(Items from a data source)
__________________________________________________
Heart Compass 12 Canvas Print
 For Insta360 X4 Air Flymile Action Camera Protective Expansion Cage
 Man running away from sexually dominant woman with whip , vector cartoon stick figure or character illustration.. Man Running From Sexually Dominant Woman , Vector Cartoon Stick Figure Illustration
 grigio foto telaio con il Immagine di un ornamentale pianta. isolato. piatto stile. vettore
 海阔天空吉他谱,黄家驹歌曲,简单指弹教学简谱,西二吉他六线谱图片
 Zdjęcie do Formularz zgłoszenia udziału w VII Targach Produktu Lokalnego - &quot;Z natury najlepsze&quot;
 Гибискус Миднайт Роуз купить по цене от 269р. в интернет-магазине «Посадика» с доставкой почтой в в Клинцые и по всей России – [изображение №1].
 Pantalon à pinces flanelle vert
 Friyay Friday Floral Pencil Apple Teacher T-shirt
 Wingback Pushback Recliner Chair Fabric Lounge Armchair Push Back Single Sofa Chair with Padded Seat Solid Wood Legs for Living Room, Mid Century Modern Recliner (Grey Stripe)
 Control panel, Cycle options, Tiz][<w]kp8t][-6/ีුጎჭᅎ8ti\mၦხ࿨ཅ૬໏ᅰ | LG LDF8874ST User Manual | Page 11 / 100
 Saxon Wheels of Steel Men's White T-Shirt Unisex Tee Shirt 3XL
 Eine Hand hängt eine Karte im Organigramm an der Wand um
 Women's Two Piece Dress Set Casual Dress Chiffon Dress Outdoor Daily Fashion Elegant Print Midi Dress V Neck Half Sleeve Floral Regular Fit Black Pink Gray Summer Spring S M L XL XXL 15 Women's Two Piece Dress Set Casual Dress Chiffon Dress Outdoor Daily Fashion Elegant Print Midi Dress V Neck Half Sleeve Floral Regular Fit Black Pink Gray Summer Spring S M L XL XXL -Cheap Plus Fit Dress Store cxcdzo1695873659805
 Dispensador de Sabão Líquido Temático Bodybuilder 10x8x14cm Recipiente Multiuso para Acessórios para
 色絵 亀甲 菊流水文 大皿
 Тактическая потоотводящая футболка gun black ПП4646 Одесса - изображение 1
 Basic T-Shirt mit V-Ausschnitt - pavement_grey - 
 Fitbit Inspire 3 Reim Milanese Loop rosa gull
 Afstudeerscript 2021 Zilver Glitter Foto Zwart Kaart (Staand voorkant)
__________________________________________________
ASSIGNED TASK >> Copy the lines above exactly, beginning at the line that has "Control panel, Cycle" and stopping after the line that has "Eine Hand hängt", and omit the rest.

REPLY >>
 Control panel, Cycle options, Tiz][<w]kp8t][-6/ีුጎჭᅎ8ti\mၦხ࿨ཅ૬໏ᅰ | LG LDF8874ST User Manual | Page 11 / 100
 Saxon Wheels of Steel Men's White T-Shirt Unisex Tee Shirt 3XL
 Eine Hand hängt eine Karte im Organigramm an der Wand um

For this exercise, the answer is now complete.